Cinq pages décisives pour entrer dans la fiction et inaugurer le récit : on déplace les corps, on creuse dans la terre et on prend les os au hasard, on les emporte ailleurs.

« Le sol fut fouillé à plusieurs mètres, et l’on amoncela, dans un coin, les ossements que la terre voulut bien rendre. Pendant près d’un mois, les gamins, qui pleuraient les poiriers, jouèrent aux boules avec des crânes ; de mauvais plaisants pendirent, une nuit, des fémurs et des tibias à tous les cordons de sonnette de la ville. Ce scandale, dont Plassans garde encore le souvenir, ne cessa que le jour où l’on se décida à aller jeter le tas d’os au fond d’un trou creusé dans le nouveau cimetière. »

On accumule les images les plus simples et les plus joyeuses pour produire l’effroi : grande leçon du fantastique pour raconter le monde et nous le réapproprier. Surtout, on désarticule la séparation des morts et des vivants pour installer le corps, l’os, le pur matériau du vivant dans ce qu’il a de plus frontal, la mort comme réalité minérale, et on disperse les frontières entre morts et vivants. Le récit place en avant de lui et en surplomb, figure tutélaire terrible, cet enjambement des limites entre le vivant et le mort comme pour signifier la circulation qui se joue entre les morts et les vivants, l’action des morts durables sur les vivants dépossédés de leurs corps par la volonté des morts (ce qu’on nomme hérédité, parce qu’on veut croire Zola sérieux avec ses thèses rationnelles, alors que c’est bien plus que cela : un jeu poétique, fou et total, de la structure poussée jusqu’au bout, et jusqu’à ses contradictions (l’apothéose fascinante du Docteur Pascal...))

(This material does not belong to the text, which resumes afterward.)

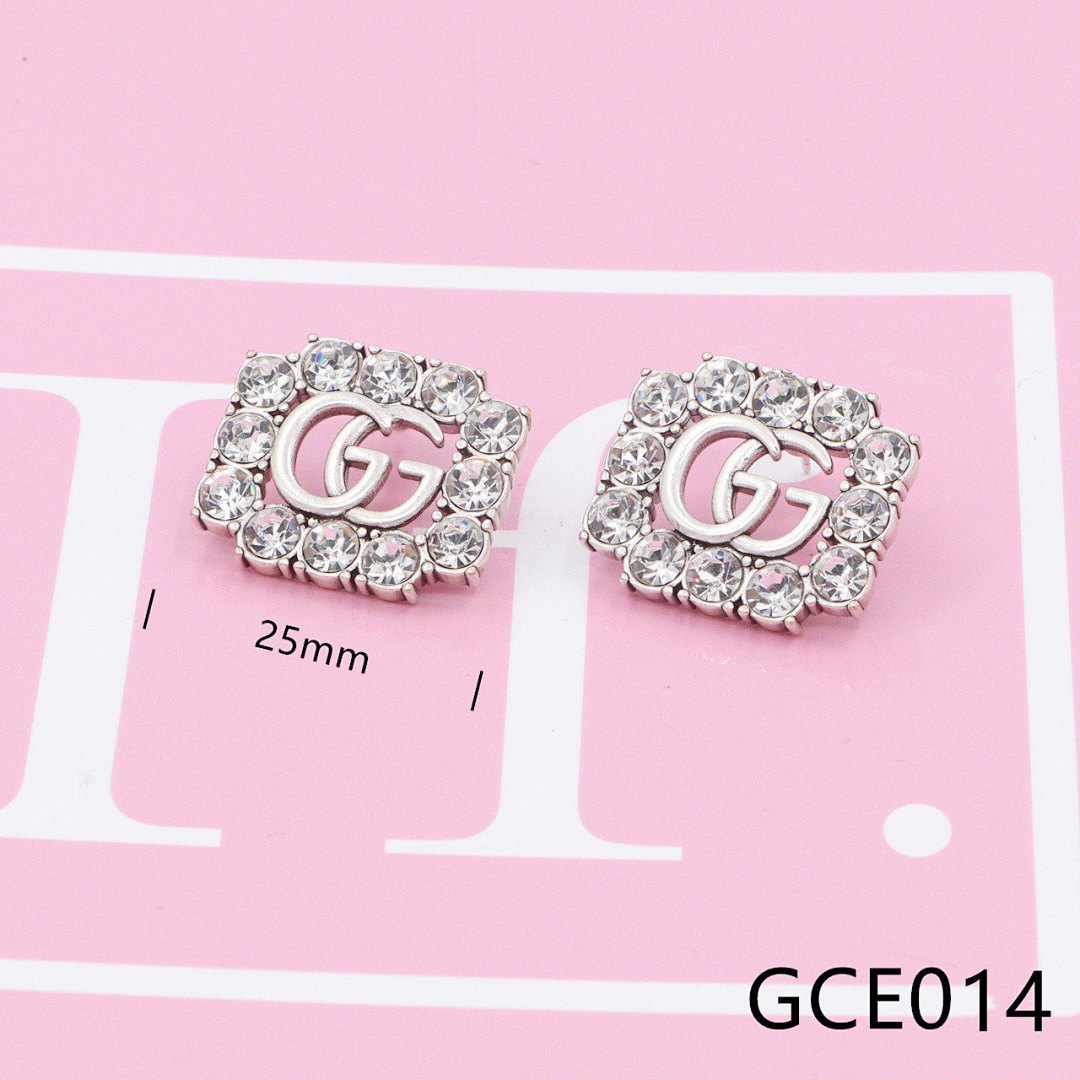 GCE2 Gucci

« Mais, en province, les travaux se font avec une sage lenteur, et les habitants, durant une grande semaine, virent, de loin en loin, un seul tombereau transportant des débris humains, comme il aurait transporté des plâtras. Le pis était que ce tombereau devait traverser Plassans dans toute sa longueur, et que le mauvais pavé des rues lui faisait semer, à chaque cahot, des fragments d’os et des poignées de terre grasse. Pas la moindre cérémonie religieuse ; un charroi lent et brutal. »

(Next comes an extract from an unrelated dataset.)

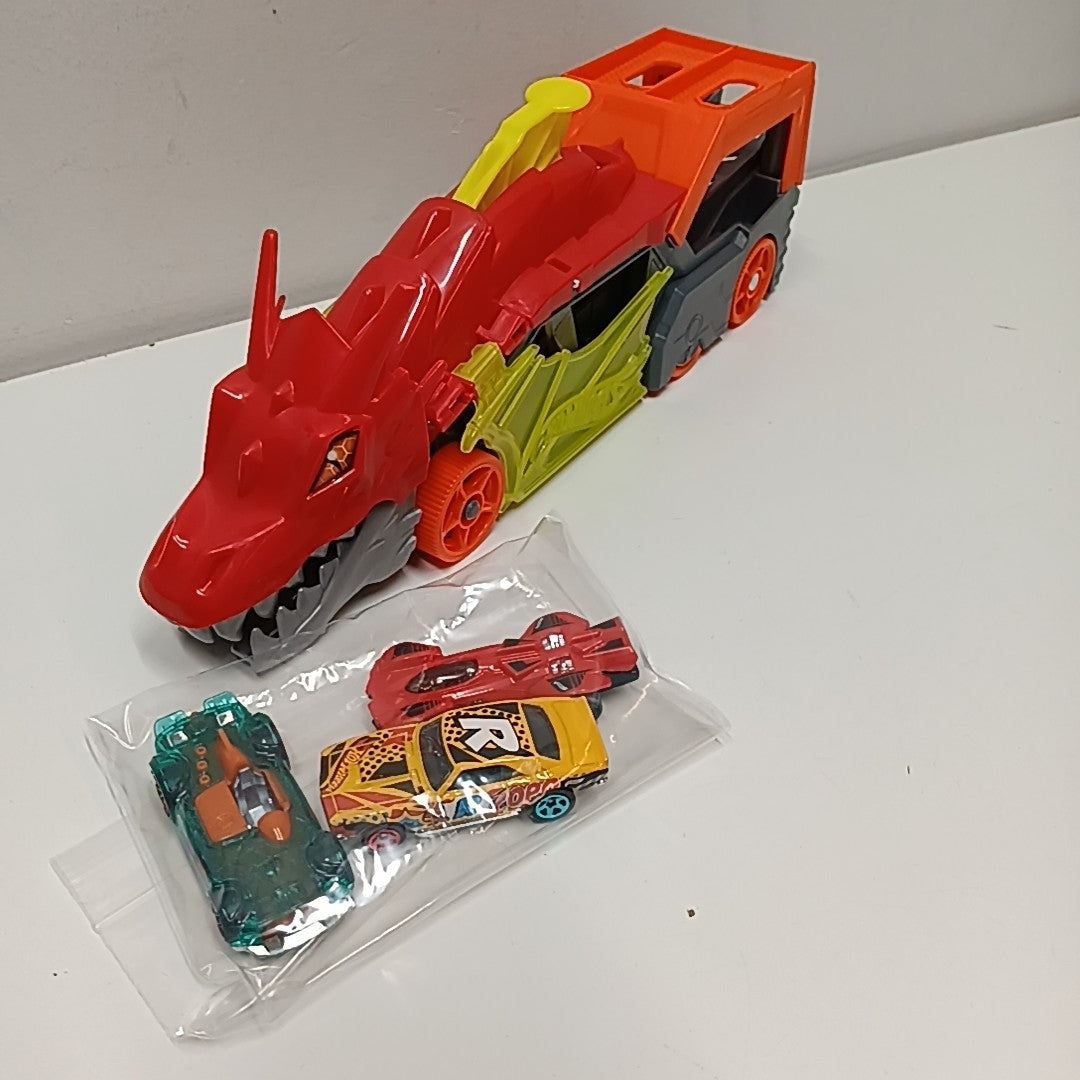 Hotwheels Car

Cérémonie sans cérémonial, rituel instinctif aux conséquences fictionnelles nombreuses : bien sûr, sur la fin de ce récit — le rôle de la pierre tombale, l’inscription effacée "ci-gît... Marie..." qui porte le destin du personnage avant même sa naissance..., mais aussi sur tous les récits : parce que ce qui compte, dans ce début du début, c’est d’inscrire la propre mémoire du lieu et du temps, de constituer un monde suffisamment autonome pour fonctionner à plein comme signe, mais largement ouvert et dépendant du temps et de l’espace avec lesquels ce monde dialogue.

« Il n’y a que les vieux, assis sur les poutres et se chauffant au soleil couchant, qui parfois parlent encore entre eux des os qu’ils ont vu jadis charrier dans les rues de Plassans, par le tombereau légendaire. »

Si le récit m’intéresse, au sens où il me questionne, c’est comment il se porte entre l’écriture qui le produit et l’histoire qui s’en détache après elle : formulation et formulaire de l’oeuvre, le récit ne peut se dire que sous l’image qui fait écran, de fait, à la narration. Alors, voilà le coup de force de Zola de construire son cycle en refermant une boucle de temps dès la cinquième page (c’est la mémoire) : en l’ouvrant ensuite au possible de la fiction tout entière contenu dans cette image (c’est le destin). Dans le bouclage ainsi produit, il y aura toujours, au début et à la fin de chaque roman, lente tache de la fiction, un tombereau qui passe, et non plus un miroir : surtout, un cimetière qu’on vide et un autre qu’on remplit.